A good/sophisticated charger will employ different mechanisms to try and detect defective cells and abort charging. Some symptoms of some defects can be detected by the charger before it's too late. Some may not be so pronounced and go undetected. That's why even with the most expensive/sophisticated chargers there's still a chance of disaster.
Answer to OP
Yes.
No, not necessary. As long as you make sure to never apply more than 4.2V to a cell, you're safe. This means that the PSU in your case must be set to never output more than 6*4.2V = 25.2V, besides limiting the current to appropriate value for the batteries to charge. The BMS will take care of balancing to ensure that you don't end up with one cell at e.g. 4.0V and another one at 4.4V (i.e. apparently "safe" 8.4V for a 2s).
Consider the overcharge protection of the BMS (@4.25V) as a safety feature to prevent fire, not as part of the charging algorithm.

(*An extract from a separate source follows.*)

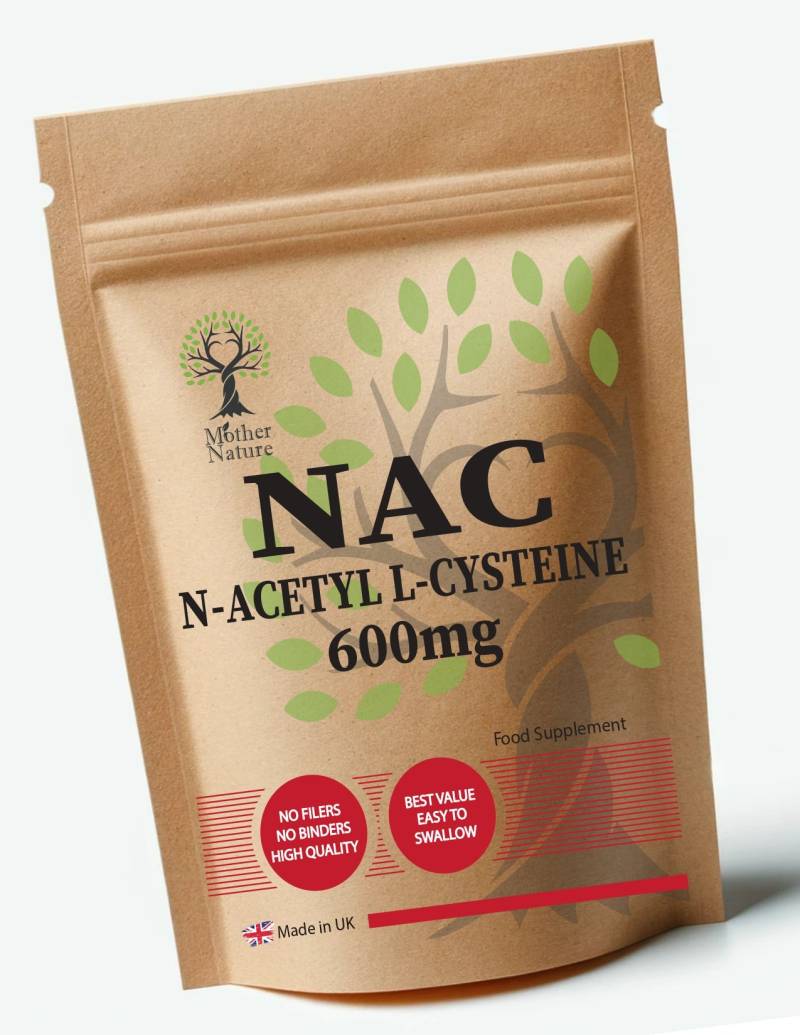 Nac N-Acetyl L-Cysteine 1200 Mg Pro Portion Hoch Starke Aminosäure Nac Ergänzung Vegan Kapseln von Etsy - UKmotherNature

Don't rely on this to normally terminate your charge. It's like a circuit breaker in your home: You don't stick a screwdriver into your wall outlet to turn off the light, although it will seem to work as desired most of the time.
You may want to play it extra safe or to be gentle to your batteries to prolong their life and set V[max] to 4.15V or even 4.10V per cell. This significantly reduces stress and may double the cell's life by limiting the SoC to about 90% instead of 100% (=4.2V per cell).
Note that while terminating charging is not required as long as you stay at or below 4.2V per cell, holding a cell at 4.2V for extended periods will reduce the cell's useful cycle life. Hence the cells will suffer if you keep the charger running e.g. over night or even over a weekend. Apart from that, it's not too dangerous to apply 4.2V for some time even after the cell is already full. Although a safety timer does make sense as one means to detect a cell defect: If the battery is expected to be fully charged after e.g. 1 hour, and the charger detects that it does not seem to be full even after e.g. 2 hours, it should assume a defect and abort charging.
Because LiFePo's operate at a lower maximum voltage (about 3.6V instead of 4.2V for Li-Ion), you'll need a different BMS, and you need to set the PSU's maximum output voltage to 3.6V per cell, i.e. 6*3.6V = 21.6V max.